◆ THE TASK ◆
Copy exactly the line containing "コクヨピコラ(picora)チェア 固定肘付ピコラチェア　 商品画像7" and all the lines that follow it to the end of the records, minus the pictures.

◆ INFORMATION SHOWN ◆

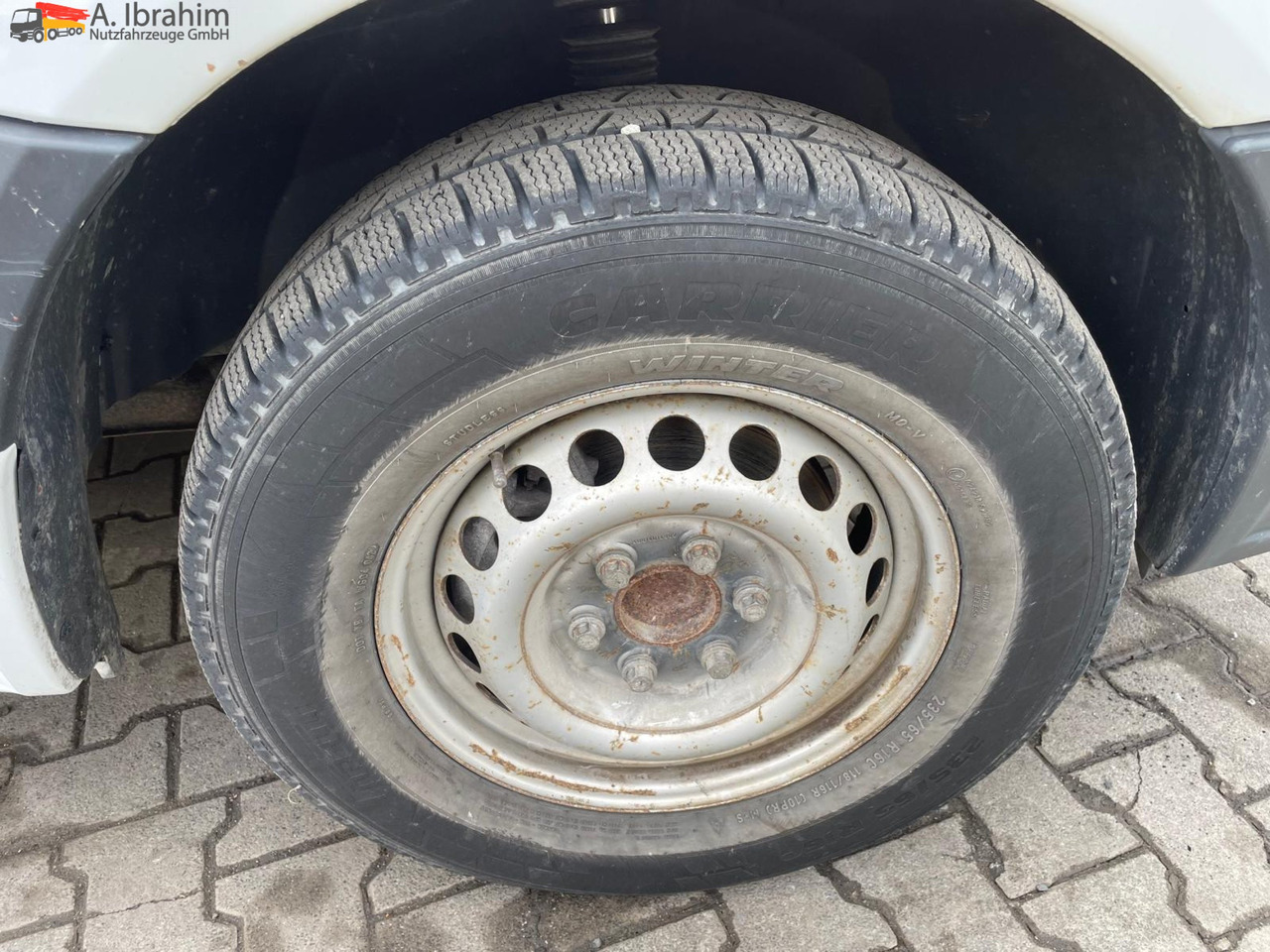 Mercedes-Benz Sprinter DB 319 CDI Geschlossen Kasten | 15 m³ | V6 | 4.5 m Radstand - 无侧窗厢式货车:图4 Mercedes-Benz Sprinter DB 319 CDI Geschlossen Kasten | 15 m³ | V6 | 4.5 m Radstand - 无侧窗厢式货车:图4
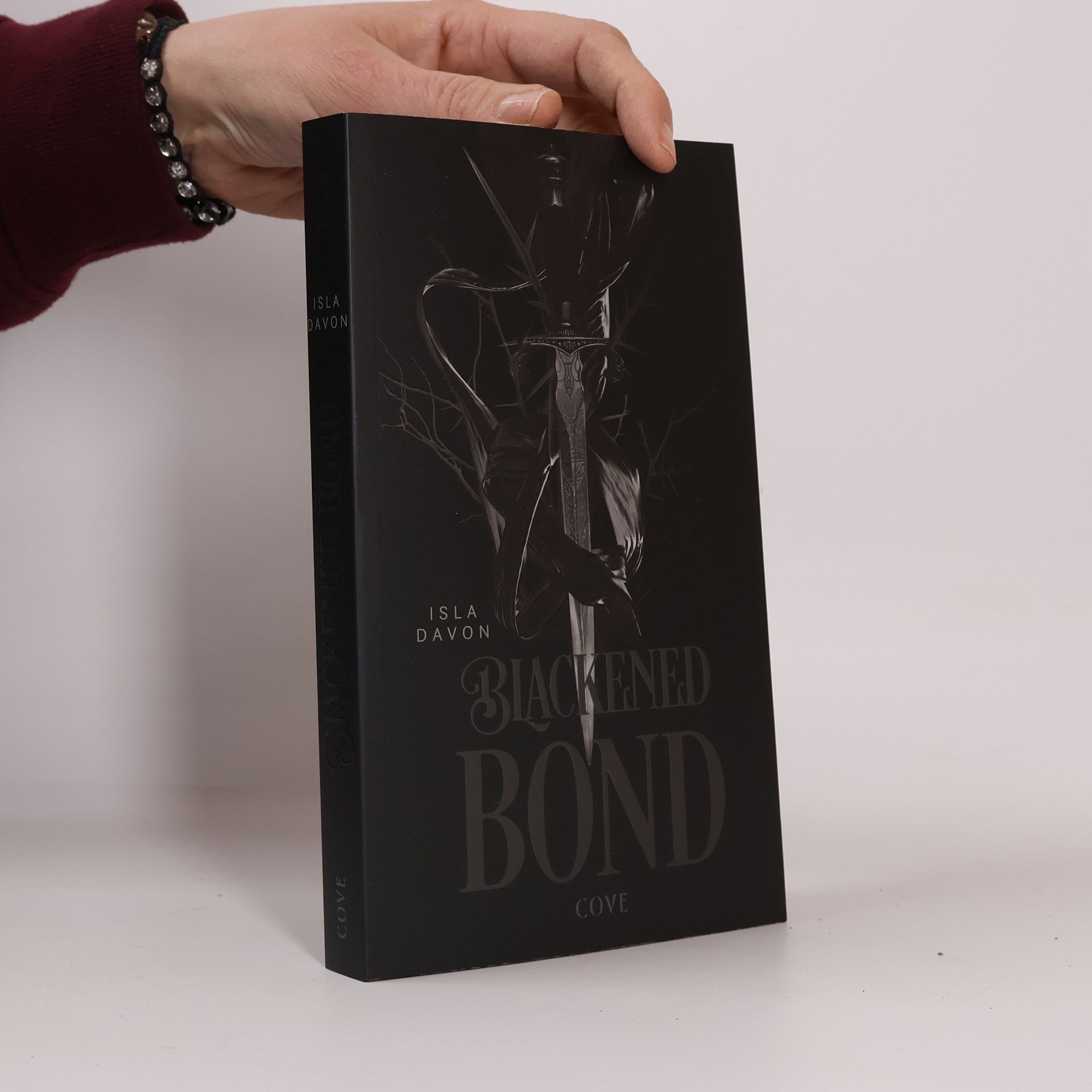 Isla Davon Blackened Blade 2: A Blackened Bond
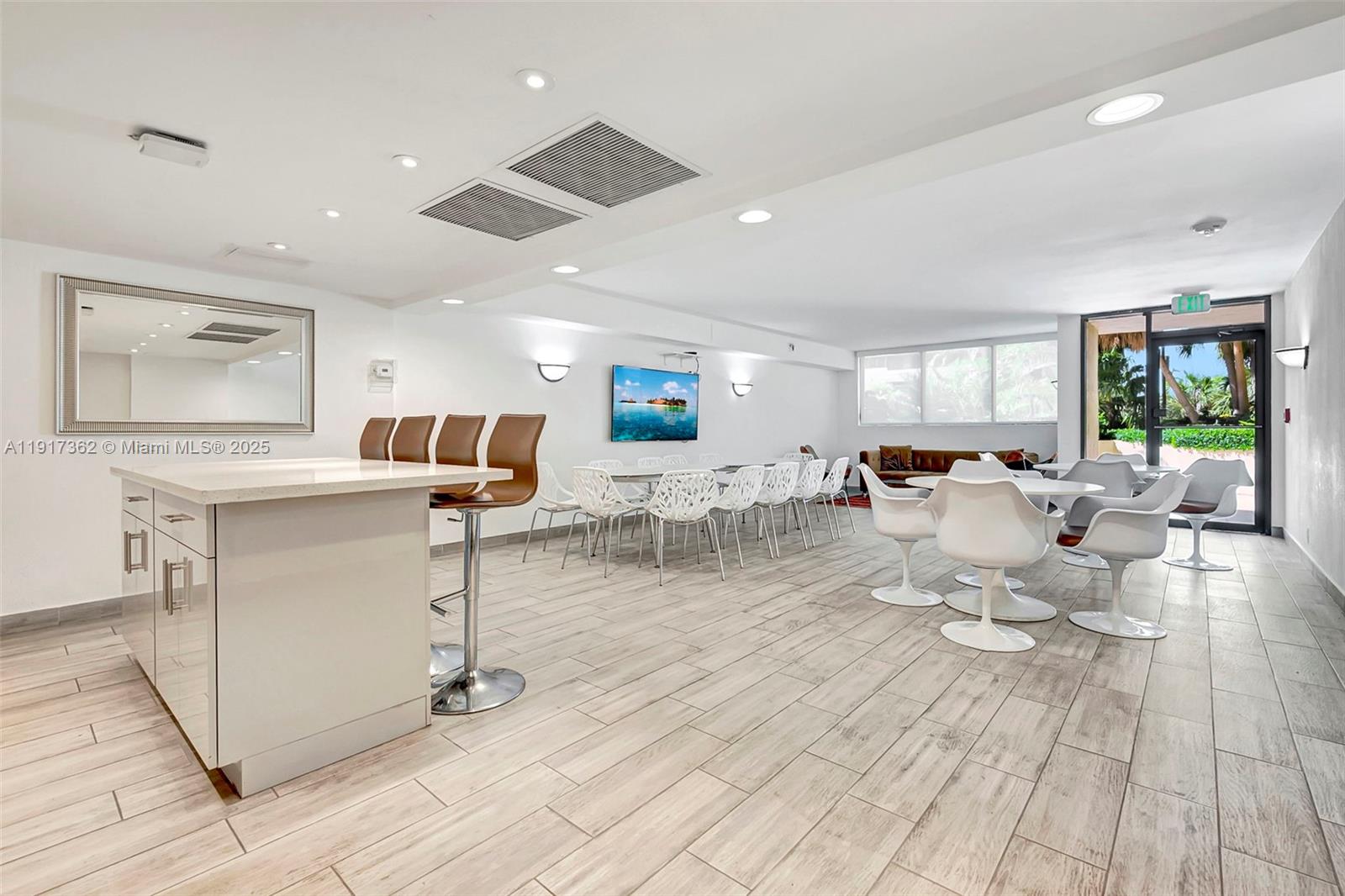 OCEAN LANE PLAZA CONDO - Residential Lease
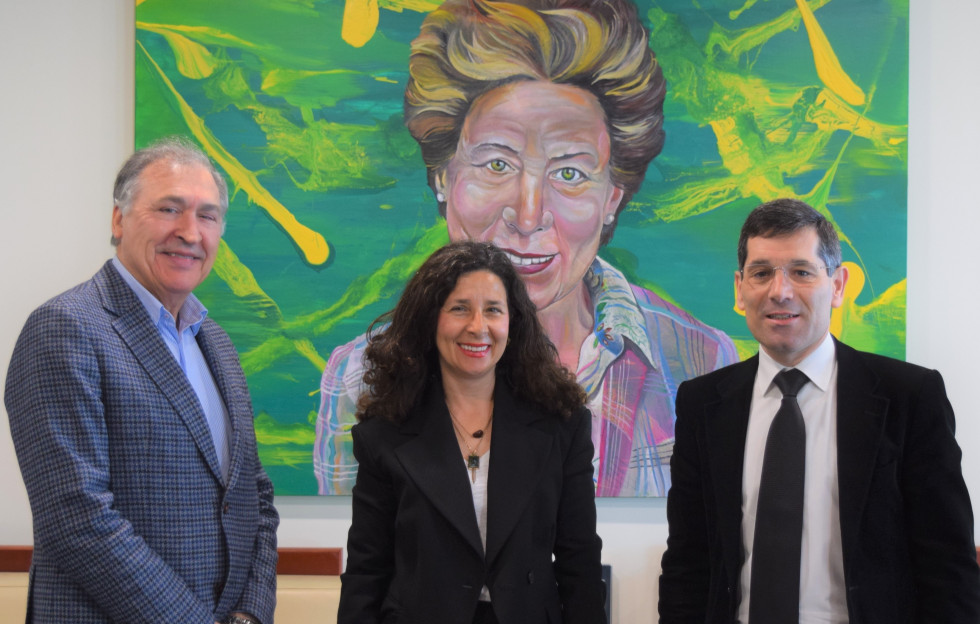 250616 Juan Miguel Martínez Gabaldón, Lourdes Gullón y Paco Hevia
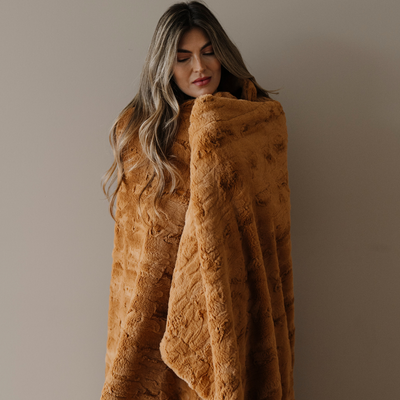 PATTERNED FAUX FUR THROW BLANKETS
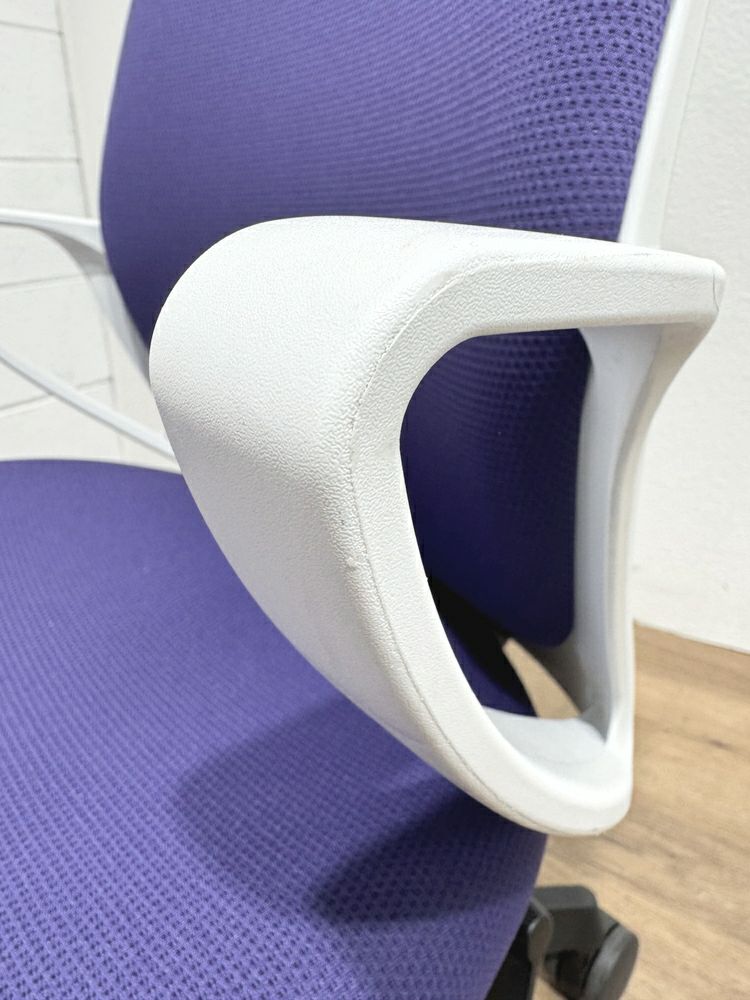 コクヨピコラ(picora)チェア 固定肘付ピコラチェア　 商品画像7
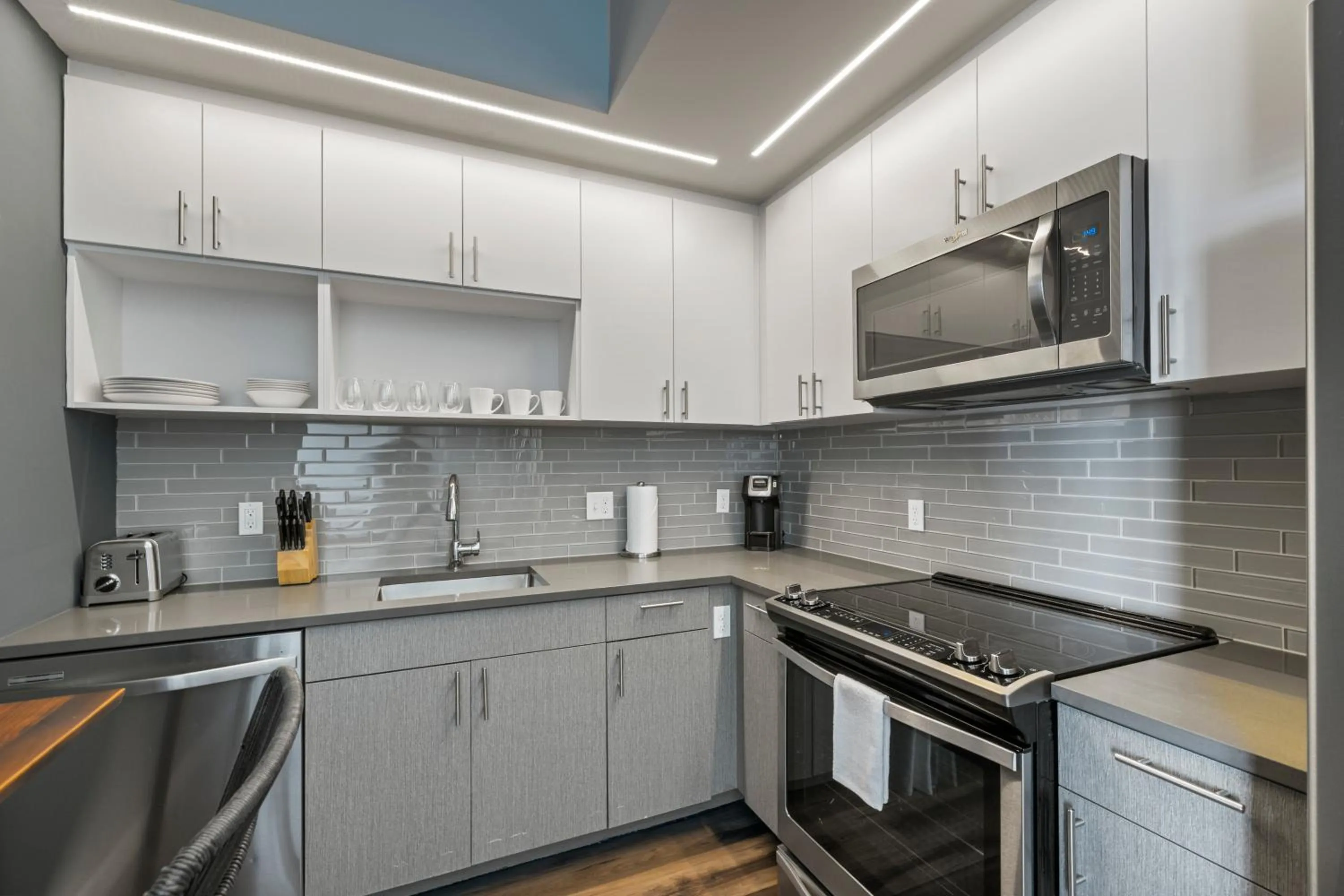 kitchen in Placemakr Marymount Ballston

◆ RESPONSE BELOW ◆
 コクヨピコラ(picora)チェア 固定肘付ピコラチェア　 商品画像7
 kitchen in Placemakr Marymount Ballston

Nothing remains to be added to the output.